I recently found a log statement in my projects codebase that says "here i am with search parameter==>===========11/30/2008===1====00:00 AM"
what guidelines do you adhere to for writing good log messages in an application?
I recently found a log statement in my projects codebase that says "here i am with search parameter==>===========11/30/2008===1====00:00 AM"
what guidelines do you adhere to for writing good log messages in an application?
The most useful part in a log statement (except maybe the date & time of course) is a unique ID. All our log entries begin with MSG-xxxxx where xxxxx is a unique integer. This MSG-xxxxx tag is always hard-coded in the source, never in a resource file, so it is easy to find it back. It is also a very easy search key in the documentation.
Also what is useful is to always enclose variable string content in double quotes to easily differentiate from the message itself:
MSG-12345 Tried to open "myfile.txt", returned error code "123 - file not found".
This also helps when you try to extract information from the log using some regular expression.
Do not do String concatenation in logging statements, at least debug statements.
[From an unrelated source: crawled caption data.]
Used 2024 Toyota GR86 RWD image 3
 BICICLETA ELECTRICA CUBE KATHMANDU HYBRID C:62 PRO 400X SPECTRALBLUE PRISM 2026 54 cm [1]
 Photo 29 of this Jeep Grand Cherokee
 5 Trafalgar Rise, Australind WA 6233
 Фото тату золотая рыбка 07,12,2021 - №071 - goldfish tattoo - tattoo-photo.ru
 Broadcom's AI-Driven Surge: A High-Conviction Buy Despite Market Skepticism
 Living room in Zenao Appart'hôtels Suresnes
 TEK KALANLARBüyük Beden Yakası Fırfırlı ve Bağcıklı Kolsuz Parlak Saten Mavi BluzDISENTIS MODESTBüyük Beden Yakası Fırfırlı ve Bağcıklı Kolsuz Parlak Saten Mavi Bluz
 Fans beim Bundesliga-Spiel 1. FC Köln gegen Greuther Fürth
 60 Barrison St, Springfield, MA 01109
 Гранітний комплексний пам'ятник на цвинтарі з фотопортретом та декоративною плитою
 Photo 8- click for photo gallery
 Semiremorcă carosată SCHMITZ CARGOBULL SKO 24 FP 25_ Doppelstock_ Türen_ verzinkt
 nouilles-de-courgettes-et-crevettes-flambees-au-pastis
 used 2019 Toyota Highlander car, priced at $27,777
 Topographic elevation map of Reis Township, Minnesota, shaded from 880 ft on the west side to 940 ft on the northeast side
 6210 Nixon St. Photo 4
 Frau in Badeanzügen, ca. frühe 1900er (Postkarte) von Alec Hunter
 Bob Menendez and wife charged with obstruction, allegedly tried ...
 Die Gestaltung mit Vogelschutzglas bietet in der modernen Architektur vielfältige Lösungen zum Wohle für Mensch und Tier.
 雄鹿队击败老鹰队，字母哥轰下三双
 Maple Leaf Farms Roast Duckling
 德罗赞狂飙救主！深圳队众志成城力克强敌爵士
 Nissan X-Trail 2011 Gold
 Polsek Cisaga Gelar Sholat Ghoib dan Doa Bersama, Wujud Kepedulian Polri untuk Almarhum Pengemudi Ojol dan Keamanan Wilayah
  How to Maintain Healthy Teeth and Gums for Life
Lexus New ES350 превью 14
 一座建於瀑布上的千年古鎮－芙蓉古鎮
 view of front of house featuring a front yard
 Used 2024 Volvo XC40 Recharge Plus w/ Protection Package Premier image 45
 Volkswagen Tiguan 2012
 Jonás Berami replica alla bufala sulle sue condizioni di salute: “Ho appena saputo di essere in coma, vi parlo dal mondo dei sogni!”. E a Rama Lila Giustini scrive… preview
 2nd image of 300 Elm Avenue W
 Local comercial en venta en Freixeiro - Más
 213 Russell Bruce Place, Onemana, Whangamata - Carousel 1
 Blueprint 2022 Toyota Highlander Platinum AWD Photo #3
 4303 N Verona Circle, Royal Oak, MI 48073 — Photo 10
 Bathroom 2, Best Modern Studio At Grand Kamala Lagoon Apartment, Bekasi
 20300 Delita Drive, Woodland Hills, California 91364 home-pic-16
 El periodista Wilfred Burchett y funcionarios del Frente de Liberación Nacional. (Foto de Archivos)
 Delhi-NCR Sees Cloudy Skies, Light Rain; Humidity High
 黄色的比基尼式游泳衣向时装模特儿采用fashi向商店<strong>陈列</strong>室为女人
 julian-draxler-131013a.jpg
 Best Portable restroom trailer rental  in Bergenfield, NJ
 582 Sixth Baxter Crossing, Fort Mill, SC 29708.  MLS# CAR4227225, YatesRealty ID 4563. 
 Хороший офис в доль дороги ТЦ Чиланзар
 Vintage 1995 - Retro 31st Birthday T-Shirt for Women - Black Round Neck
One Java app I was working on a while ago had dismal performance. So we cracked out the profiler to see where the bottlenecks were. Turned out that it was mostly due to String concatenation operations incurred by assembling DEBUG level logging statements that occurred ALL THE TIME inside nested inner loops etc (hah, and to think they got added in the first place to figure out why the performance was so bad!)
don't do this
LOGGER.debug("The variable was " + myVariable + " and we are doing " + foo);
Instead do this
if (LOGGER.isDebugEnabled()) {
LOGGER.debug("put your debug statement here " + foo + " and " + bar);
}
In my logs, I need the date and the time, the process that creates the logs, and the PID. There's nothing worse than looking at logs and wondering whether they came in five minutes ago, or whether they were left behind 5 years ago before your changes. Date and time are important.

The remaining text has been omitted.